Germany Mulls Arbitration for Web ‘Right to Be Forgotten’

May 27, 2014

The German government is considering setting up arbitration courts to weigh in on what information people can force Google Inc. (GOOG:US) and other search-engine providers to remove from results.

Following a European Union court decision this month granting consumers the “right to be forgotten,” the Interior Ministry in Berlin would seek to establish “dispute-settlement mechanisms” for consumers who file so-called take-down requests. If search providers introduce automatic deletion, public information would be at risk, the ministry said.

“Politicians, prominent figures and other persons who are reported about in public would be able to hide or even delete reports they find unpleasant,” it said in a statement. The ministry suggested that the removal of information shouldn’t be left to company algorithms.

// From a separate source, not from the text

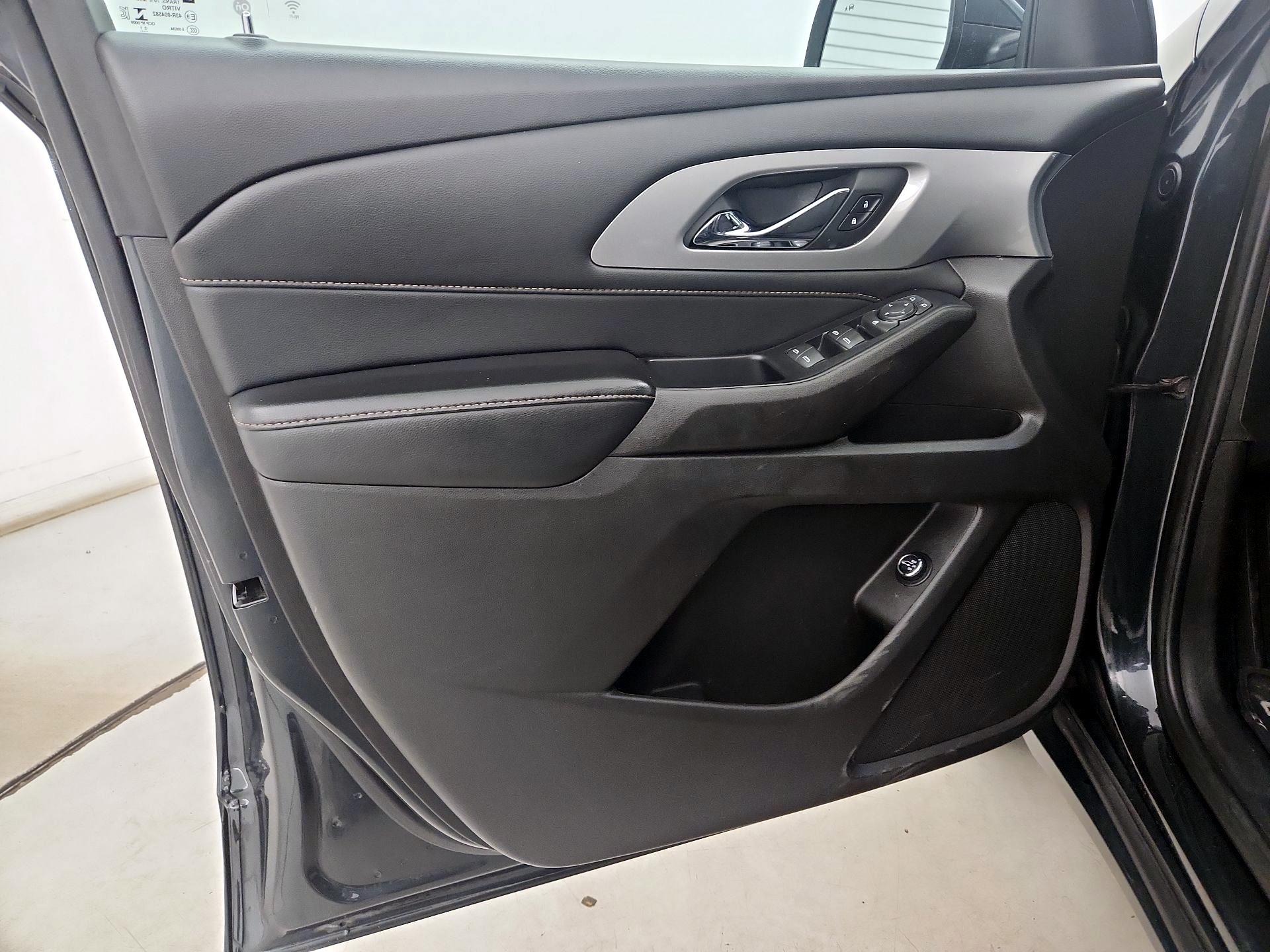 Thumbnail: 2021 Chevrolet Traverse - 12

The EU Court of Justice ruling on May 13 gave people the right to request the deletion of personal information, creating the possibility of European users flooding Internet companies with take-down requests, with a cost in time and money to comply.

Companies such as Google will have to review such requests on a case-by-case basis, the court said. Search-engine companies must take an initial decision on each request and people could then turn to courts or a data-protection authority to challenge the decision, the EU court ruling said.

Balancing Interests

Google, which has received several thousand demands to remove entries from search results since the court verdict, doesn’t plan to automate the handling of take-down requests and will present its approach in coming weeks, Klaas Flechsig, a Hamburg-based spokesman for the company, said by phone.

Decisions on whether to remove links will have to balance issues, including how sensitive the information is and the public interest in it, EU data regulators, known as the Article 29 Data Protection Working Party, said this month.

The German ministry doesn’t currently plan to create a single mediating authority or to put mediators under state supervision, it said. Talks with Google and other providers will begin once the government has finalized its position.